C’è chi ritiene di poter affrontare il tema delle occupazioni limitandosi a rilevare che si tratta di situazioni illegali, alle quali è necessario mettere fine senza porsi ulteriori problemi.
Non si tratta, per la verità, di chissà quale rivelazione. Della posizione irregolare di chi vive in un immobile occupato siamo consapevoli tutti: né tentare di comprendere il fenomeno più a fondo equivale a sventolare la bandiera dell’occupazione come ideologia e metodo politico.

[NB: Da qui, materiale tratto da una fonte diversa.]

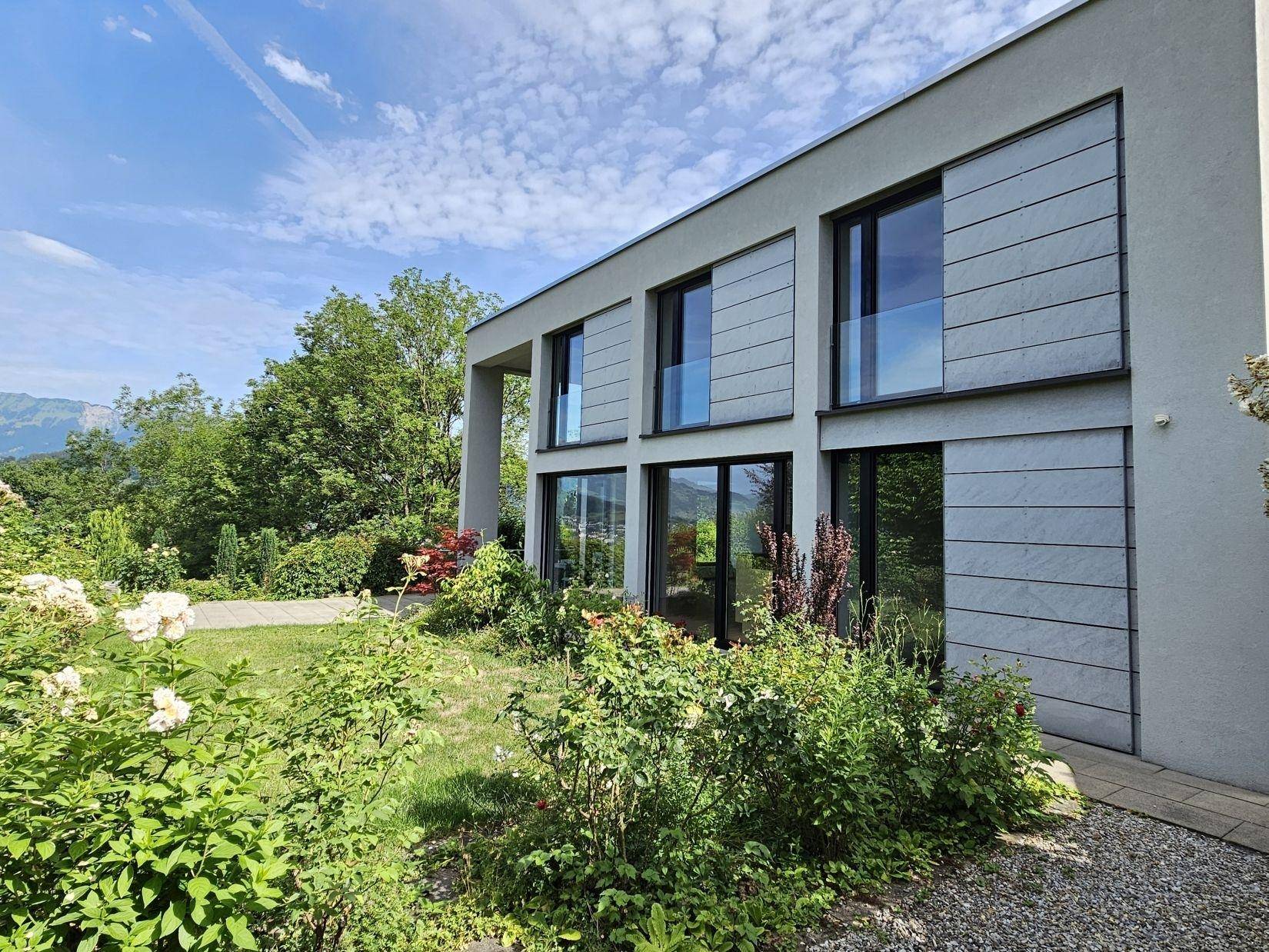 Villa in ruhiger Lage, an der Grenze zu Liechtenstein, Zweitwohnsitz möglich, für Individualisten! - Ansicht 5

La questione, come si dice in questi casi, è molto più complessa. E richiede lo sforzo di cogliere e se possibile affrontare in modo razionale, tenendo conto di tutti i fattori in campo, il mondo estremamente sfaccettato che le occupazioni ci raccontano. Un mondo che, al netto delle degenerazioni che pure esistono e vanno condannate, ci parla anche della marginalità che caratterizza le periferie delle nostre città e delle sue cause profonde, di opportunità negate, di diseguaglianze crescenti, di strumenti di sostegno e inclusione che sarebbe indispensabile elaborare e mettere in campo, ma a cui pochi ritengono importante dedicare anche una riflessione seria.
La risposta del governo a queste esigenze è una chiarissima e spaventosa deriva poliziesca che va sistematicamente nella direzione della repressione, dell’uso della forza come modello di risoluzione dei conflitti, dell’accanimento sui più deboli eretto a visione del mondo e a strumento di consenso, di una lotta alla povertà proclamata che finisce per diventare, nella sua declinazione concreta, una vera e propria lotta contro i poveri.
La nuova stagione degli sgomberi che si è aperta a Roma con l’operazione di Cardinal Capranica di tre giorni fa, a cui ho assistito con i miei occhi durante una lunghissima nottata, sembra orientata proprio su questa direttrice: massicci spiegamenti di forze di polizia, degni di operazioni di ben altra importanza, esibizioni muscolari di sicuro impatto mediatico, proclami di “tolleranza zero” e poche, pochissime alternative offerte ai destinatari dei provvedimenti.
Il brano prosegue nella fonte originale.